To recap, I recently discussed how productions love to shoot in local markets with tax incentives because it’s cheap. But hey—at least we’re working, right? We can still make money, right? And have a chance to book great roles, RIGHT!?
There are a few caveats to each of those tantalizing sparks of potential that may lure actors away from hubs like Los Angeles or New York. Let’s clarify a few of the “myths” associated with the local markets:
If I live in a local market, I’ll work more.
Possibly, but if you think you’re going to work a lot, it depends on a lot of circumstances, many out of your control. First and foremost, make sure that you vigorously study and hone your craft. I know this is stating the obvious, but it is imperative you know how to handle yourself in an audition room, a callback, and on set—especially big budget projects where there are literally hundreds of people present, everyone counting on each other to do their job.
Secondly, it depends on the types of projects that are filming in that market. For example, New Mexico is a haven for dramas, westerns, and war movies—which means men, particularly white, have ample roles available to them. Despite the push for diverse voices in Hollywood, there’s a long road ahead of us, and I believe women in local markets feel the brunt of that lack of representation. There were many projects in both film and television who proudly touted “strong female leads”—yet cast 90% of their supporting roles with men.
A lot of it may simply come down to luck (aka…when preparation meets opportunity.) A disgruntled friend of mine hadn’t booked anything in over a year, and after taking a month-long vacation in Europe, she came back to New Mexico and literally landed 3 roles within two weeks.
If I live in a local market, I’ll make money, while paying lower cost of living.
It is true that living in New Mexico is significantly cheaper than living in the urban entertainment hubs of Los Angeles, New York, or even Chicago. My current apartment in Los Angeles costs 2.4 times more than my old apartment in Albuquerque—and they are equal in size. But if you take into account being paid SAG minimum with no room for negotiation, very little (if any) travel and per diem reimbursements, and less job opportunities depending on your type, it is impossible to make a living off acting alone. Even the actors who work most frequently maintain side jobs, most of which pay significantly less than the same jobs in more expensive cities. Why? Because cheaper cost of living typically aligns with a lower minimum wage.
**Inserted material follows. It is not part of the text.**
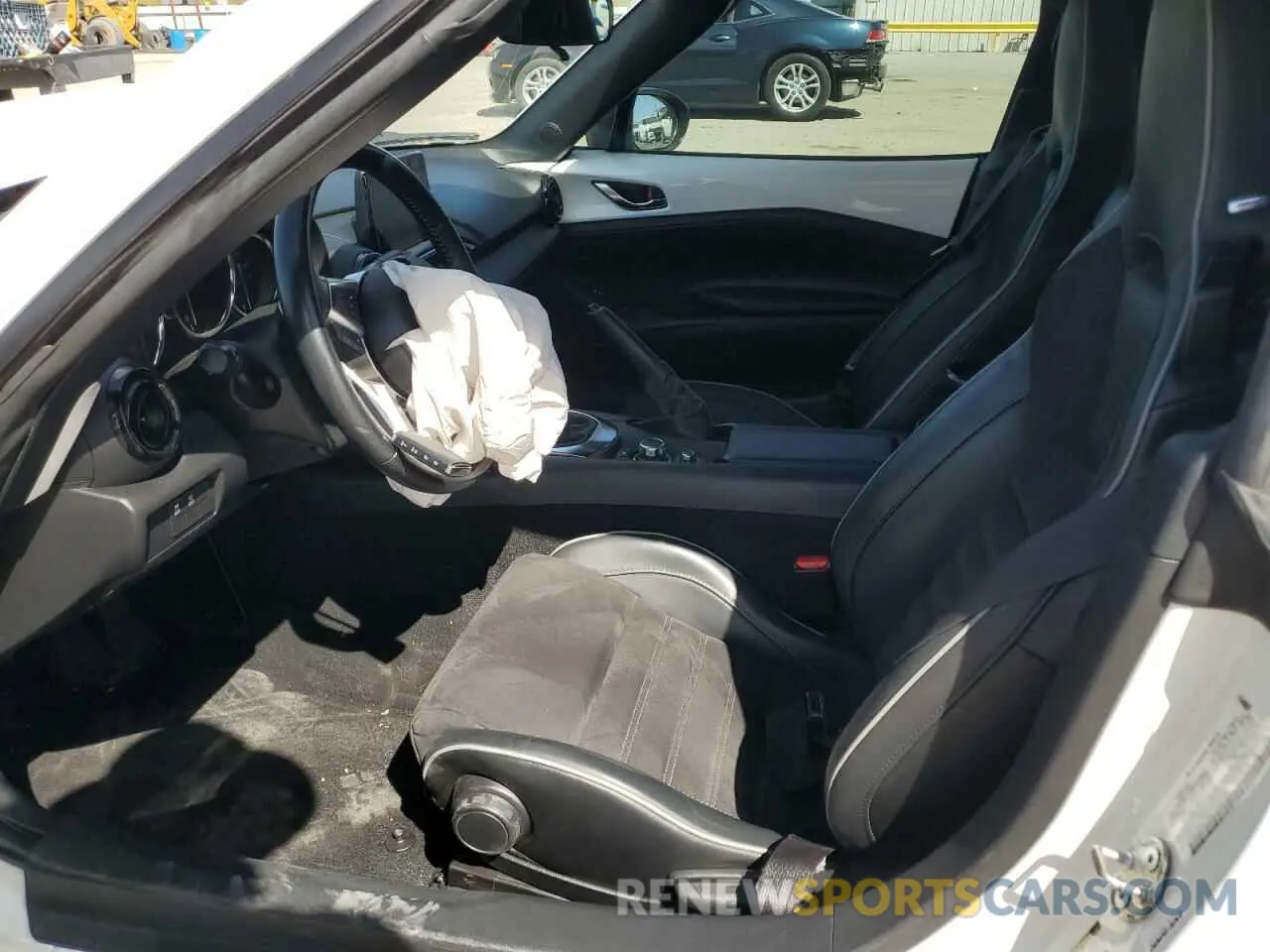 7 Photograph of a damaged car JM1NDAL74L0411298 MAZDA MX5 2020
Several actors can have a great year, or two, or even three, and gain their SAG health insurance, buy a house, or put down a loan. But to be perfectly honest, almost no one quits their day job and lives on acting income alone. For those who do, they usually have spouses, parents, or loved ones who supplement income.
If I live in a local market, I’ll book great roles due to less competition.
For features, there are more opportunities to book a juicy role opposite an A-list actor that’s more than just a line or two. But in television, it is rare that a guest star will go to a local actor. Most will be hired out of LA, and the “Under 5,” or co-star roles, are left to locals.
There are always exceptions. In my case, a co-star that was originally written for two episodes on WGN’s Manhattan became intricately connected with one of the series regulars’ roles, and suddenly I had a beautiful arc over the course of two seasons. Steven Michael Quezada garnered local and national attention as Dean Norris’ partner in Breaking Bad, while Lora Cunningham has continually booked stand-out roles, most notably The Book of Eli and Sicario. And to demonstrate another local market, let’s not forget Atlanta’s Shannon Purser, a local actor who played the beloved “Barb” in Stranger Things and now has her own television show debuting on Netflix.
But I (along with plenty of other local men and women) have auditioned for countless guest star roles in New Mexico that still ended up going to an “LA actor.” Unfortunately, there can be a stigma or bias against locals, no matter how hard local casting directors fight for us.
And boy, do they fight for us.
THE CASE FOR THE LOCAL
There are only a handful of casting directors in New Mexico, but the few we have love the local actors. They know how hard we work, how much rejection we encounter, they run into us at the grocery store and at film screenings, and we even hire them to cast our independent projects. They, along with the local crew members, are all part of the same community, and therefore they do everything in their power to book us…especially if it means getting hired over the LA actor.
So if you are considering moving to New Mexico from LA or New York, the most detrimental attitude you can have is the belief that you are better than a local hire because of the fact that you are from those big cities. This won’t fly with casting, most of whom are from New Mexico themselves, and they are proud of their locals.
Also, as states become more strict with their tax rebate rules, it has become harder to play the “market game” and have representation all over the country. Unless an actor can prove that they live in New Mexico and file their state tax returns as a full-time resident, productions won’t earn a tax rebate on that specific actor. This in turn has made casting directors crack down on any actor who walks into their room—they don’t just want you flying in from LA, they want you living in the state.
I’m sure you’re asking yourself, “Can’t I just send in a tape?” The answer is complicated. If you are someone who has never stepped foot in that local market and met that casting director in person, they will most likely have no interest in considering you. But if you’ve spent the time and energy developing a relationship and building trust, there are always exceptions to the rule.